Karp: Token-Based AI Pricing 'Completely Wrong'; Palantir Bets on Open Models

Key Takeaways

  • Alex Karp criticized token-based pricing for enterprise AI, saying it's inappropriate for large organizations.
  • Palantir is emphasizing open-weight/open-model approaches and its Foundry platform to help customers own data and build proprietary models.
  • Palantir expanded its partnership with Nvidia to develop custom models for U.S. government agencies.
  • Rising token costs and pushback from major labs are accelerating interest in alternative pricing and deployment models.
  • The shift could alter cloud compute demand and enterprise procurement, benefiting firms tied to on-prem and custom model deployments.

People Involved

  • Alex KarpCEO, Palantir Technologies

Entities Involved

  • Palantir Technologies (PLTR)Enterprise software and data platform pushing Foundry and custom model deployments
  • Nvidia (NVDA)GPU and AI infrastructure partner supporting custom models and hardware for deployments
  • OpenAILeading LLM lab using token-based API pricing
  • AnthropicLLM developer using token-based API pricing
  • U.S. government agenciesCustomers for Palantir and Nvidia-backed custom AI models
  • Chinese AI model providersCompetitive threat in the race to deploy large-scale, low-cost models

MarketMoodz Analysis

For investors, Karp’s public rejection of token-based pricing highlights a potential business-model bifurcation in enterprise AI. If enterprises prefer open-weight models and on-prem or bespoke deployments, vendors that sell platforms, integration services, and hardware—Palantir and Nvidia among them—stand to capture higher-margin, longer-term contracts versus per-token API revenue. That would favor firms with established government and enterprise relationships and push cloud providers to compete on different economic terms.

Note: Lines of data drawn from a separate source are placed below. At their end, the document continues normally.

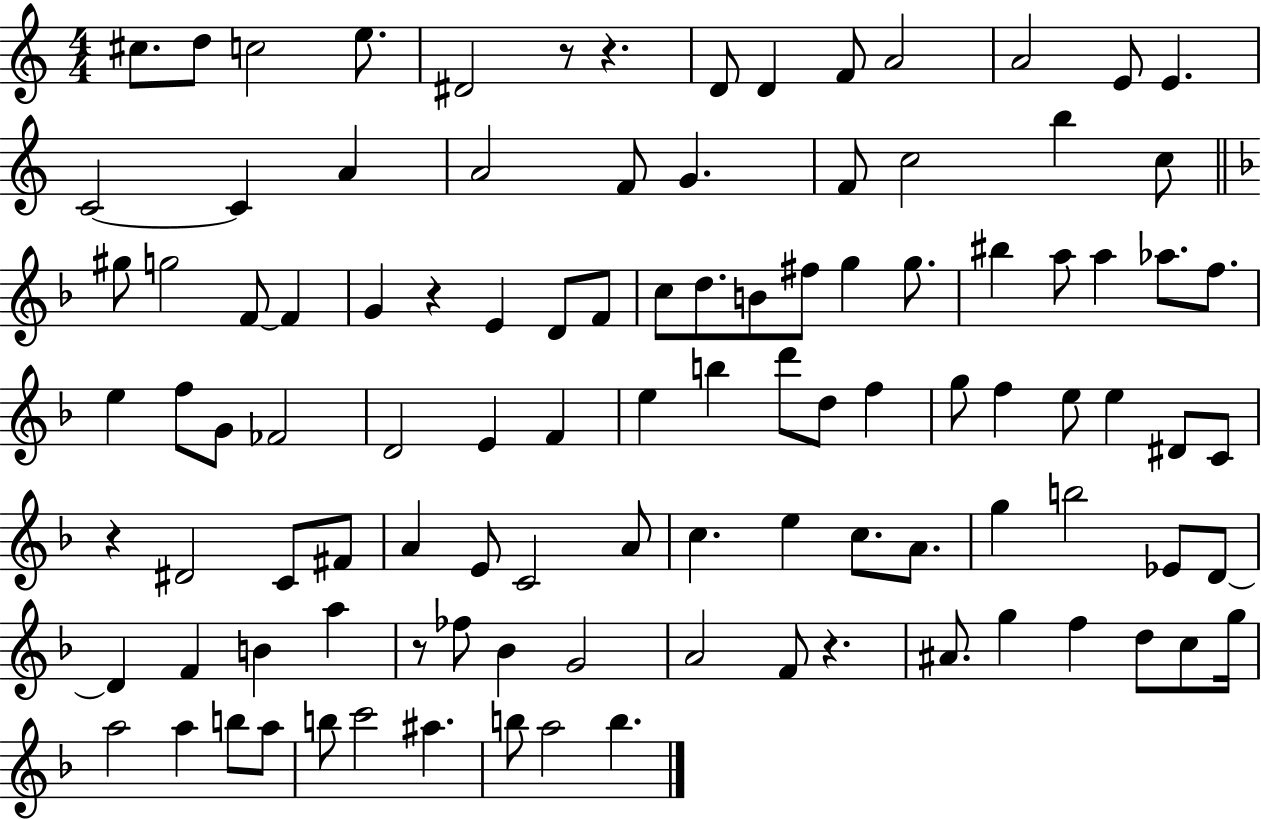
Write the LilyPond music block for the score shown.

{
  \clef treble
  \numericTimeSignature
  \time 4/4
  \key c \major
  cis''8. d''8 c''2 e''8. | dis'2 r8 r4. | d'8 d'4 f'8 a'2 | a'2 e'8 e'4. | \break c'2~~ c'4 a'4 | a'2 f'8 g'4. | f'8 c''2 b''4 c''8 | \bar "||" \break \key f \major gis''8 g''2 f'8~~ f'4 | g'4 r4 e'4 d'8 f'8 | c''8 d''8. b'8 fis''8 g''4 g''8. | bis''4 a''8 a''4 aes''8. f''8. | \break e''4 f''8 g'8 fes'2 | d'2 e'4 f'4 | e''4 b''4 d'''8 d''8 f''4 | g''8 f''4 e''8 e''4 dis'8 c'8 | \break r4 dis'2 c'8 fis'8 | a'4 e'8 c'2 a'8 | c''4. e''4 c''8. a'8. | g''4 b''2 ees'8 d'8~~ | \break d'4 f'4 b'4 a''4 | r8 fes''8 bes'4 g'2 | a'2 f'8 r4. | ais'8. g''4 f''4 d''8 c''8 g''16 | \break a''2 a''4 b''8 a''8 | b''8 c'''2 ais''4. | b''8 a''2 b''4. | \bar "|."
} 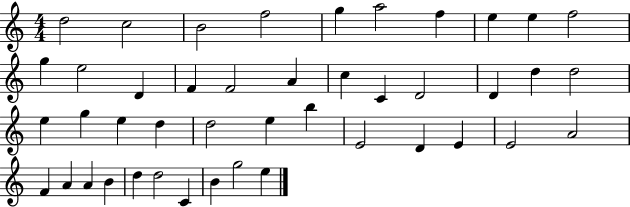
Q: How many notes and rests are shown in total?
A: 44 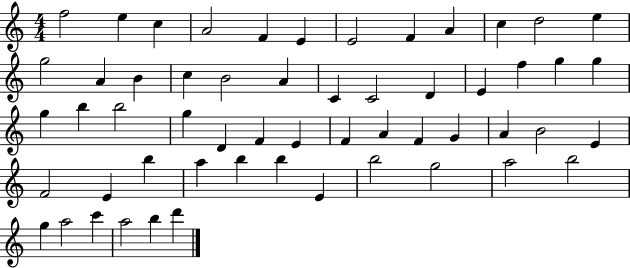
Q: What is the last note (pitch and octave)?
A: D6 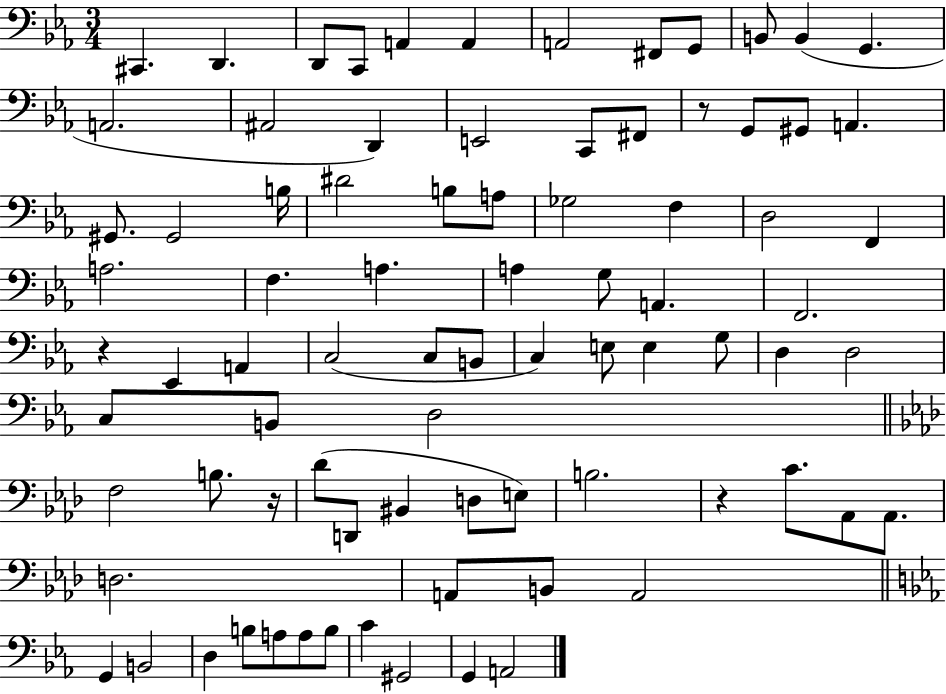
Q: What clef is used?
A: bass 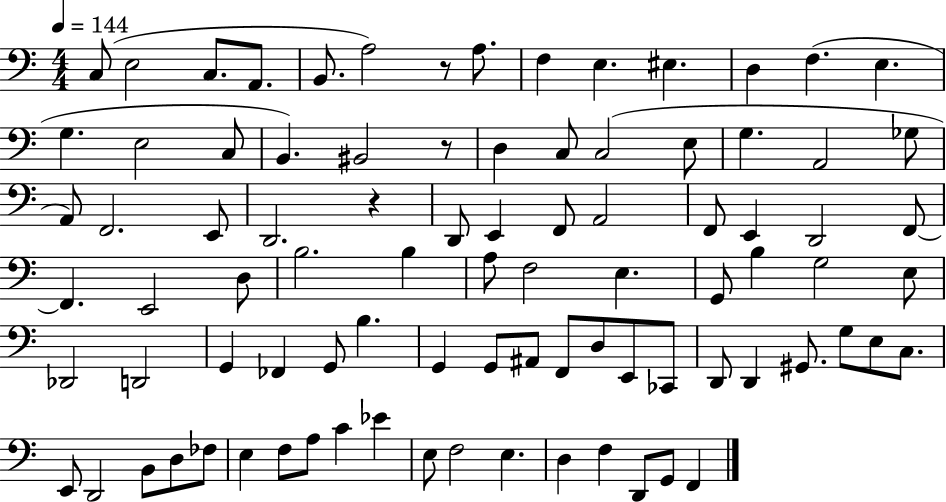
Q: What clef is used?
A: bass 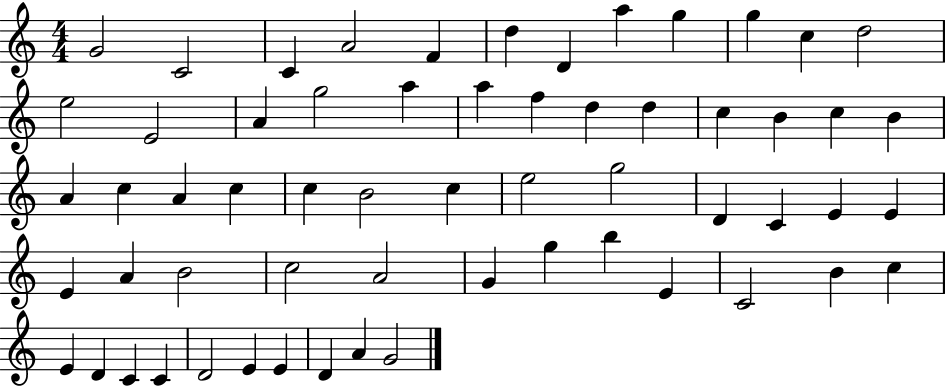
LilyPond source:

{
  \clef treble
  \numericTimeSignature
  \time 4/4
  \key c \major
  g'2 c'2 | c'4 a'2 f'4 | d''4 d'4 a''4 g''4 | g''4 c''4 d''2 | \break e''2 e'2 | a'4 g''2 a''4 | a''4 f''4 d''4 d''4 | c''4 b'4 c''4 b'4 | \break a'4 c''4 a'4 c''4 | c''4 b'2 c''4 | e''2 g''2 | d'4 c'4 e'4 e'4 | \break e'4 a'4 b'2 | c''2 a'2 | g'4 g''4 b''4 e'4 | c'2 b'4 c''4 | \break e'4 d'4 c'4 c'4 | d'2 e'4 e'4 | d'4 a'4 g'2 | \bar "|."
} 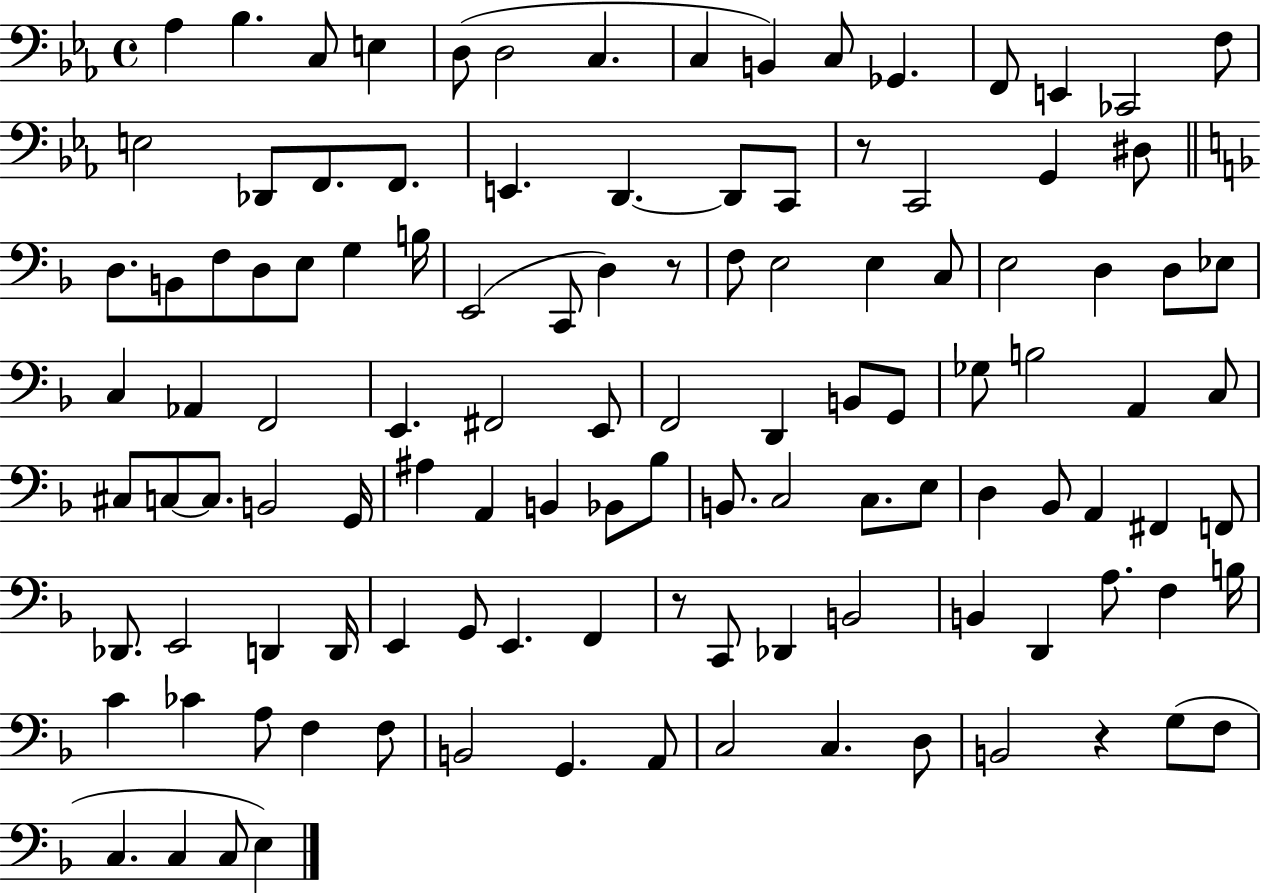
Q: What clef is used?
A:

The pushaway from token economics echoes larger shifts we've seen when a technology moves from consumer APIs to enterprise adoption: customers demand predictability, data control, and cost-efficiency. Historically, consumption pricing (think early cloud storage or bandwidth bills) gave way to blended licensing and managed services for large clients. Rising token costs and gating by major labs accelerate that transition, and Chinese model advances add urgency by offering lower-cost alternatives that governments and corporates may prefer.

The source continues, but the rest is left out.